Esse reconhecimento ocorre pela familiaridade, ou seja, pela percepção de semelhanças entre o que já reconhecemos como arte e aquilo que se candidata a ser classificado assim. Quando as semelhanças são raras e tornam complicado o reconhecimento, cabe a nós decidirmos se vamos ou não expandir o conceito para considerar o objeto em questão uma obra de arte. A decisão de considerar Bird in Space uma obra de arte só foi possível pela expansão do conceito de arte para cobrir a escultura moderna. Por isso, a escultura de Brancusi acabou sendo liberada pelos funcionários da alfândega, mesmo não possuindo as qualidades figurativas ou a graciosidade das peças clássicas com que eles talvez a estivessem comparando.

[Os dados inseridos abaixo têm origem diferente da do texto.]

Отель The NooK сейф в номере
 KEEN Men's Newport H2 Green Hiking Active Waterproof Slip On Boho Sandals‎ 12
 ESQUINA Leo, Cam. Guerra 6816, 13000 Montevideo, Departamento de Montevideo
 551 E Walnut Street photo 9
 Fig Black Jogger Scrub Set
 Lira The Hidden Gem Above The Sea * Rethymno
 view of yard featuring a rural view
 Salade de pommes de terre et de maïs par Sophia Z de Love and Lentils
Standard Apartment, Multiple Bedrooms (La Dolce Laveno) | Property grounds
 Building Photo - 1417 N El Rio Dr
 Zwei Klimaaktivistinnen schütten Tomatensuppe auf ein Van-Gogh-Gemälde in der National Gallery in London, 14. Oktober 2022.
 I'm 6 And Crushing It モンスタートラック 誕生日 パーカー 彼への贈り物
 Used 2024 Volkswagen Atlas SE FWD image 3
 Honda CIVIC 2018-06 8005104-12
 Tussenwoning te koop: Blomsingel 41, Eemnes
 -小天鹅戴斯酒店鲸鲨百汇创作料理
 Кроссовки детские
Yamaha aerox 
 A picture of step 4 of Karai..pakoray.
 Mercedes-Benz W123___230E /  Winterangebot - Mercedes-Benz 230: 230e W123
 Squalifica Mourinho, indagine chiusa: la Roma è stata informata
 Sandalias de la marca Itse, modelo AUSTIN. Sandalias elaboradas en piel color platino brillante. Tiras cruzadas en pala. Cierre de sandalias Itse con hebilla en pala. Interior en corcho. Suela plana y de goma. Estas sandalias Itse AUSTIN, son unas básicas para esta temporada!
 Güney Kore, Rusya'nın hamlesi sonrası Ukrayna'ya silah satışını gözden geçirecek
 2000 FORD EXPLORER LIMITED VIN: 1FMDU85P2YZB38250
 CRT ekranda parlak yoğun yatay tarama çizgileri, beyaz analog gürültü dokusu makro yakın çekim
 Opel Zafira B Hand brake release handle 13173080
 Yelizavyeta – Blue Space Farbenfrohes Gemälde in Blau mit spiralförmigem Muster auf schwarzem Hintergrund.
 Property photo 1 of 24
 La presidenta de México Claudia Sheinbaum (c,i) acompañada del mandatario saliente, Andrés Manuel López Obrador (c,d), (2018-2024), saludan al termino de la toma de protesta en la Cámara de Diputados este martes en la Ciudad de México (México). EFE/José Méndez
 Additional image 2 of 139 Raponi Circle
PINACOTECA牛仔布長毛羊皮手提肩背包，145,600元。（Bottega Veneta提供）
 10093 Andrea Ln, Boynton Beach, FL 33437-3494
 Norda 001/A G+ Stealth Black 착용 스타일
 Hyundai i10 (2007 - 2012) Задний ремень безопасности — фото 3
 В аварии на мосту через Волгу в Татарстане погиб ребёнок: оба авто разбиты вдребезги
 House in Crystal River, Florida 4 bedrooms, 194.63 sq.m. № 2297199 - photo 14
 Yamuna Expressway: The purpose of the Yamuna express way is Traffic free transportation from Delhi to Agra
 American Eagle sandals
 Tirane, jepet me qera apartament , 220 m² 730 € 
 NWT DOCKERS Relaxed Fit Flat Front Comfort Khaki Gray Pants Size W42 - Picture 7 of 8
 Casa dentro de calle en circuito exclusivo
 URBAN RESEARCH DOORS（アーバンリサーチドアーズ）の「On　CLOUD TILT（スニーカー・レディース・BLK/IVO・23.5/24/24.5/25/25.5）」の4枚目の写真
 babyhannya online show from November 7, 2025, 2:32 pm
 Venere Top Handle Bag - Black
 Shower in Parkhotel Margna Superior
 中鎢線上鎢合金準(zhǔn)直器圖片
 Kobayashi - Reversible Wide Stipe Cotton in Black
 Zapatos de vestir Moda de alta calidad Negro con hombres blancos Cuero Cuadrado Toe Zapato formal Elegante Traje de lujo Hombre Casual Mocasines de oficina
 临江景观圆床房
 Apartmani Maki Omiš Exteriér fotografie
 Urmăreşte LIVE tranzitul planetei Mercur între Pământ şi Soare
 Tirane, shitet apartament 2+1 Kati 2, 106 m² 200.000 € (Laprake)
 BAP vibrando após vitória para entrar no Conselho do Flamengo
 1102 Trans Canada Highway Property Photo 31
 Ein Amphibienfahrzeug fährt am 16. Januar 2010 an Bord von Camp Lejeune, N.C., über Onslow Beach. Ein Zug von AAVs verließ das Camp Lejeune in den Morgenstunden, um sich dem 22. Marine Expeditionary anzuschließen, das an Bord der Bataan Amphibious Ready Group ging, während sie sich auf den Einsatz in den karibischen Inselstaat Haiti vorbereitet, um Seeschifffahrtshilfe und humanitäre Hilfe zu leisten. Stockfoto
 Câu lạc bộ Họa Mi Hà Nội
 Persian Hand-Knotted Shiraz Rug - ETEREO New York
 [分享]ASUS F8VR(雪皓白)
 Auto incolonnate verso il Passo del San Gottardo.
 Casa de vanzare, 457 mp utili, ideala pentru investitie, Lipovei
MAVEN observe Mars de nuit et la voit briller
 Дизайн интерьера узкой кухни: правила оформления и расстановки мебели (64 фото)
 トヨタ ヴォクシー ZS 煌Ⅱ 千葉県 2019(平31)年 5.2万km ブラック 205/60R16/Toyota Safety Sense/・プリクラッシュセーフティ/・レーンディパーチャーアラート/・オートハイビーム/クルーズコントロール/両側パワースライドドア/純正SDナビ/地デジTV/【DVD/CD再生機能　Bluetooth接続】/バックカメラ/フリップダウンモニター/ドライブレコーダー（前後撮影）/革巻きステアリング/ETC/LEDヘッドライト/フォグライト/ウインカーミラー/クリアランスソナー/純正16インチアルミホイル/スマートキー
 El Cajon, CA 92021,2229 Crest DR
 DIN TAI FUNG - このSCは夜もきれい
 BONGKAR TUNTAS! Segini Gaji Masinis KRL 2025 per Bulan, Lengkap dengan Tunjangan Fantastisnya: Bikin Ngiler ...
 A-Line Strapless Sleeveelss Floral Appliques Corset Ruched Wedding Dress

A filosofia de Weitz já não é atual como entre os anos 1950 e 1970, mas ainda é muito interessante para casos como o da distinção entre grafiteiros e pichadores em São Paulo.

Para entender o motivo, vale notar o quanto os readymades de Duchamp são um ponto limítrofe para a discussão weitziana sobre os critérios de reconhecimento. A pá de neve ou o urinol estabeleceram o fato de ver o objeto dentro de uma instituição de arte como o último critério a distingui-lo como obra de arte, já que eles não se diferenciavam sensivelmente de outras pás de neve ou urinóis existentes do lado de fora dos museus e galerias, e que ninguém ousaria chamar de obra de arte. O que fazem os grafiteiros, então, quando recusam a institucionalização e firmam os pés do lado de fora dos museus e galerias?

Alguém poderia argumentar que eles vão além da ideia de institucionalização da arte, mas isso só é parcialmente verdade. É verdade porque o caráter efêmero do grafite é uma superação do princípio de durabilidade das obras, o que sequer os readymades haviam superado. Esse é um aspecto importante, que vincula formalmente o grafite às pichações, mas não os vincula mais do que aos happenings, por exemplo.

Não é inteiramente verdade, porém, porque antes de promover este avanço o grafite dá um passo para trás e recupera o ideal de uma arte geradora de experiências estéticas que modificam a nossa percepção comum dos objetos. Nesse aspecto, o grafite e as pichações já se mostram fatalmente distintos. Ainda que alguém considerasse que um prédio, muro ou escultura pichados são experiências estéticas oferecidas aos transeuntes, ele não seria capaz de provar que a pichação pode romper com a percepção comum da cidade. Pelo contrário, as pichações aprofundam a experiência da cidade como ruína e destruição, banalizando-se rapidamente. Os grafites, por sua vez, são capazes de criar pequenos novos mundos.

Mais que a falta de similaridade entre um muro grafitado e um muro pichado, contudo, a pichação carece de critérios de reconhecimento que lhe assegurem um lugar na história da arte, o que não falta ao grafite. Alguns dos grafites de São Paulo de que mais gostei de apreciar empregaram com maestria as cores primárias, mesmo que não as tivessem colocado em uma tela, como Mondrian; outros me lembraram de Picasso ao expressar uma humanidade fragmentada e horrenda, mesmo que tenham ficado longe de consegui-lo com a mesma qualidade e consciência formal de Guernica.

A efemeridade da pichação, quando a aceitamos como uma forma de política, não vai além de um gesto imaturo que rejeita a estética no momento em que muitos já o fizeram com mais inteligência. Por isso, é um gesto condenado ao esquecimento, como o são aqueles erros cometidos na rebeldia da juventude. A efemeridade do grafite, ao contrário, é uma promessa de que a cidade pode ser diferente, conservando o caráter utópico que animou muitas das vanguardas do século XX. A sua resistência na memória atesta que o ato de apagá-lo também é uma realização da sua essência. Theodor Adorno intuiu corretamente que as obras viriam a ser fogos de artifício.

O grafite, em aspectos significativos, pertence à família da arte moderna. A sua negação não é o muro “doriano”, mas sim o muro duchampiano; não é um muro pintado de cinza, mas sim um muro colocado dentro de uma galeria.